066 / Hello Safari
066 / Hello Safari
After a short stay in Jaipur, Adam and I took of with the night train to Bikaner, a rather non-touristic place (the proof: we spend 2 hours trying to find an internet connection) on the edge of the Rajasthani desert. Via Pankaj, whome I met in Mumbai, we were hosted by Mr and Mrs B L Sharma. We had the address and the name of the people, but the address didn’t lit evocate much interest of the local people when we asked for instructions. However, when we mentioned the name Hari Babu, everybody became curious and overly friendly. We found out soon that the man is one of the well known people in town. The couple were the owners of, a.o., a movie theatre that offers place to more than a thousand people. Their house was a big, beautiful oasis of green and quietness in a city that felt a bit like the inside of a vacuum cleaner to me. Their food (and associated explanations) were true discoveries of the local cuisine, with the finest herbs and the best ingredients. Their devotion to letting us experience the best of what Rajasthan has to offer was limitless. A remarkable stay.
Adam, the New Zealand pilot who works in Papua (Indonesia) for the moment, has a funny habit of using unusual adjectives to comment things. He calls a dish beautiful, a beer nice,... all this to the occasional confusion of the local people who are less conceptual users of the English language. It’s interesting and fun to travel some days together. He also geared me up with seasoned action plans for my future stays in Bali and New Zealand. No problem.
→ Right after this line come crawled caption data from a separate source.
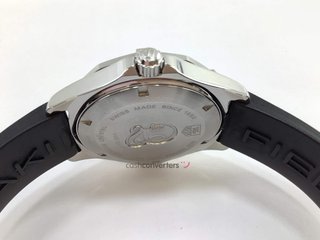 reloj alta gama caballero tag heuer waf1011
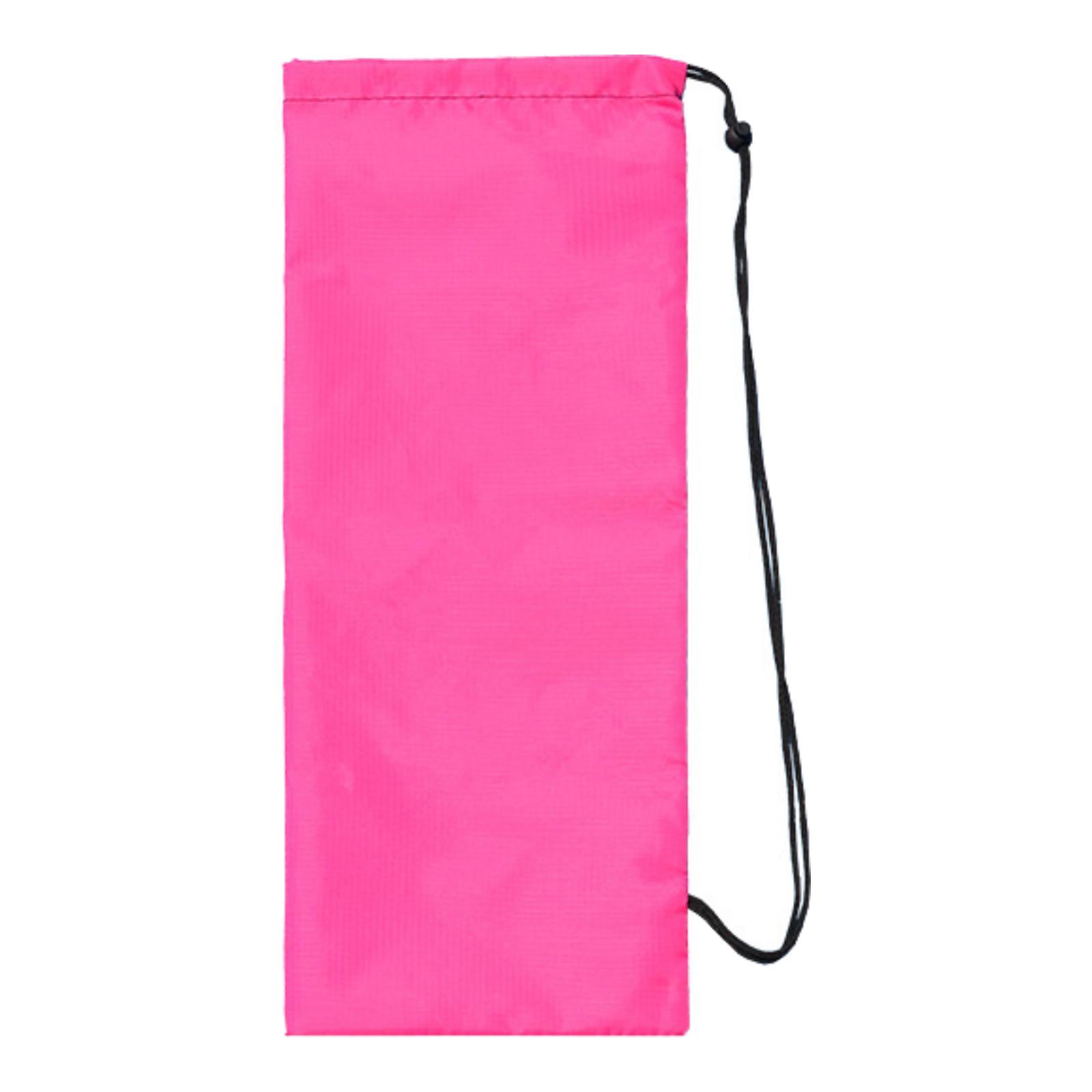 

Badminton Racquet Cover Bag,Dustproof Shoulder Bag Gift Organizer Carrying,Tennis Racket Storage Pouch for Player,Practice,Balls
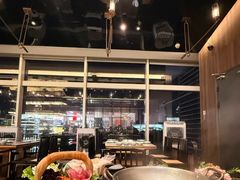 -捞王锅物料理(上海世茂广场店)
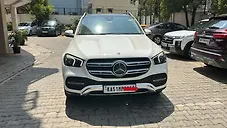 Used Mercedes-Benz GLE 300d 4MATIC LWB [2020-2023] in Bangalore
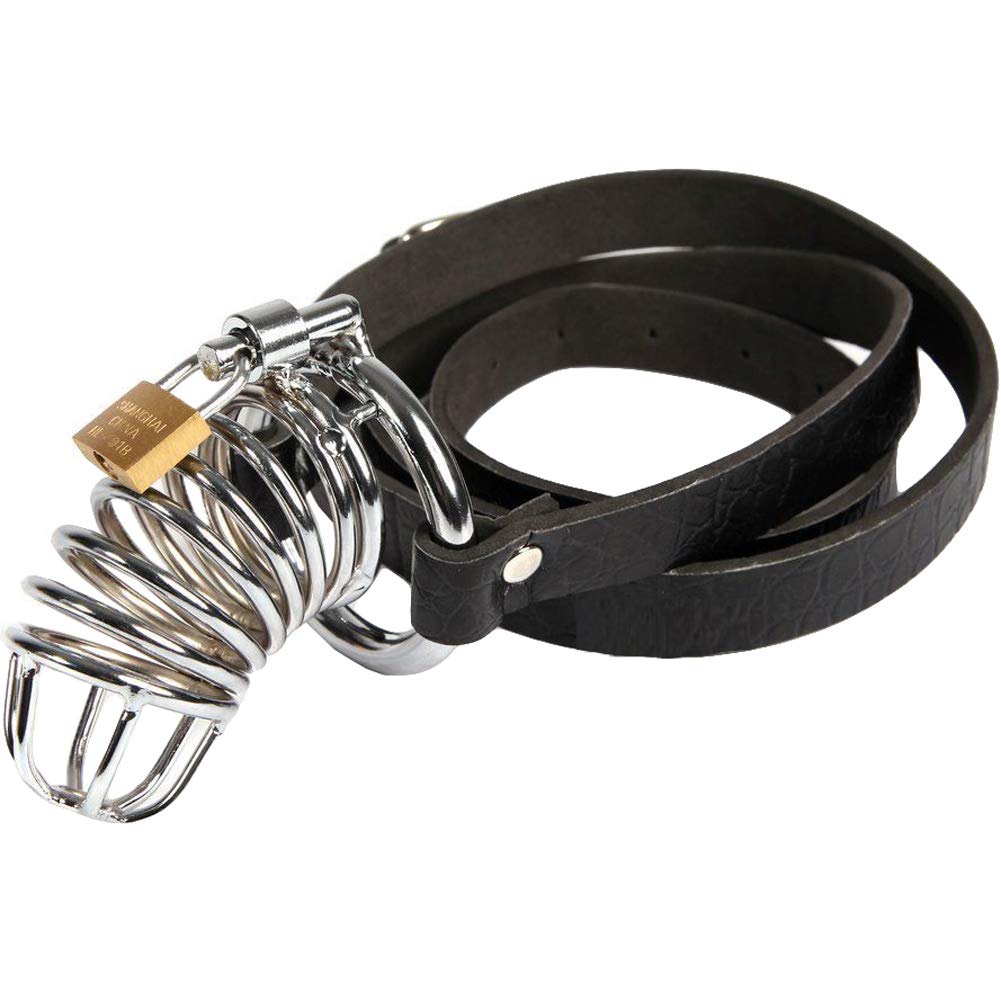 Pipedream FF Extreme Chastity Belt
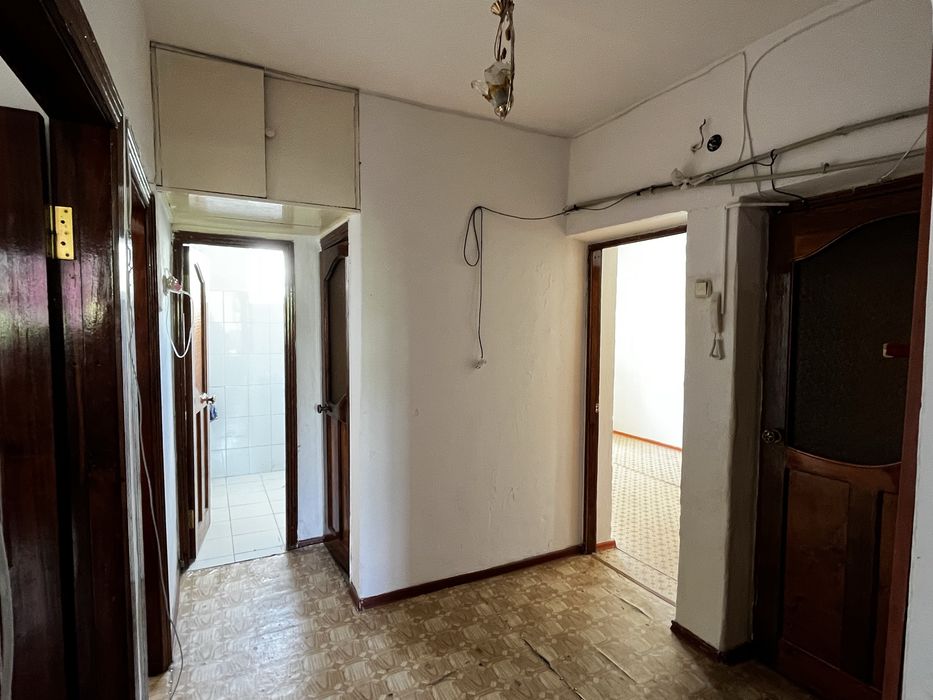 Продается квартира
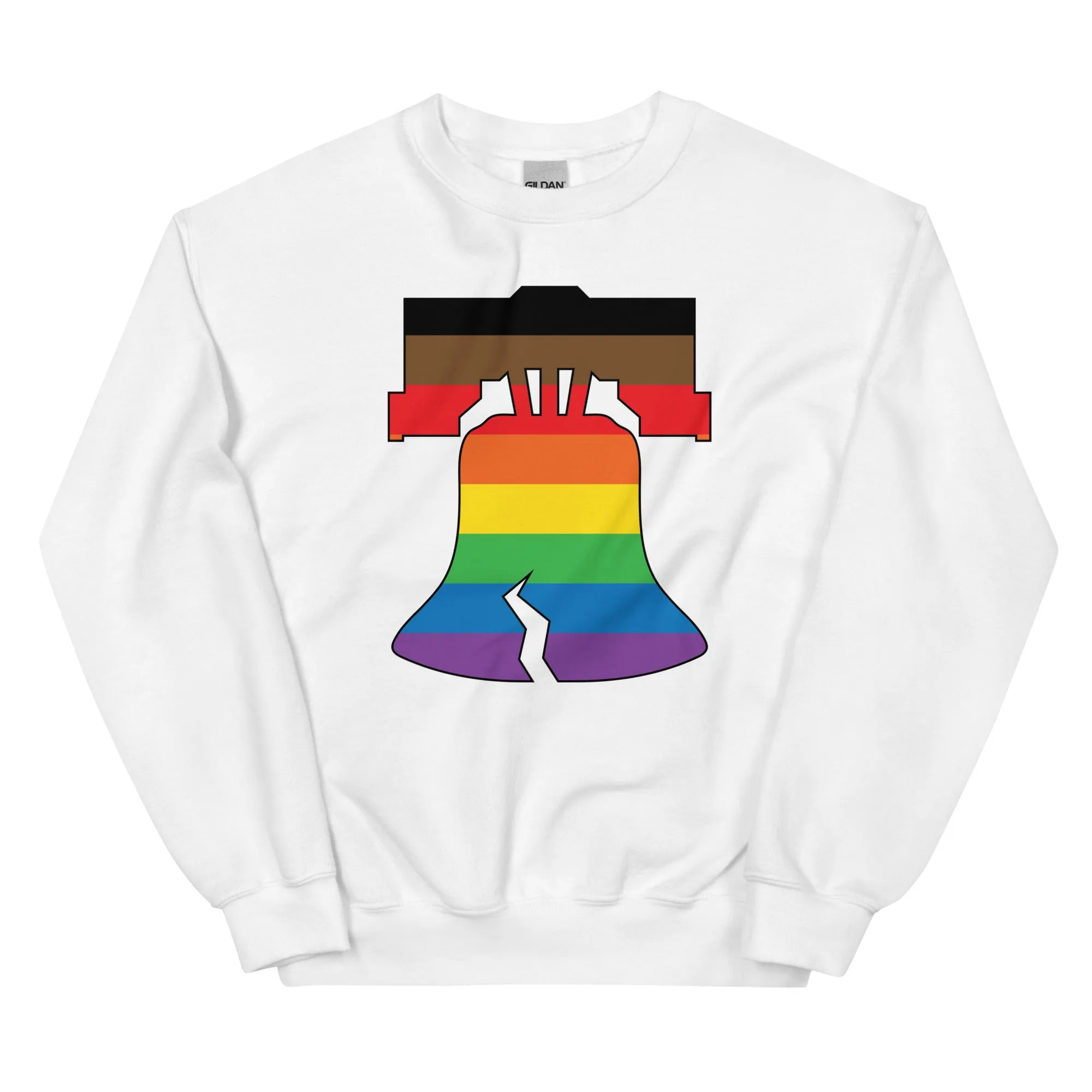 "Philly Pride" Sweatshirt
The reason why we came to Bikaner, and the highlight of this stay was an overnight camel safari (technically, it dromedary safari, but that doesn’t ring very well…). We left around 4PM and by 4.11PM we realized that riding a camel is about a comfortable as driving a bicycle backwards without a saddle… A little pain, a lot of laughter. Around 5PM, the pain/laughter balance shifted dangerously to the pain side, but miraculously the sour butt feeling goes away when the huge evening sun start to kiss the horizon. Drenched a welcome silence (after some 10 days of bamboozling noise), this produces views that easily outclass the pictures. We arrived at our camping place. The sand was warm and inviting, and the thai hot and sweet. After playing with the children, trying to get the perfect sunset picture of Manman (my camel) and a long chat about “let’s call it man stuff”, we sent to sleep by 10PM. I woke up once because a dog had way to much affection for my cheek and once because a desert beetle passed my ear with so much noise it actually woke me. A wild peacock announced sunrise at 5.30AM. After a basic breakfast and once the dished done (with sand), we were ready to go, each of us with their own blisters and thoughts.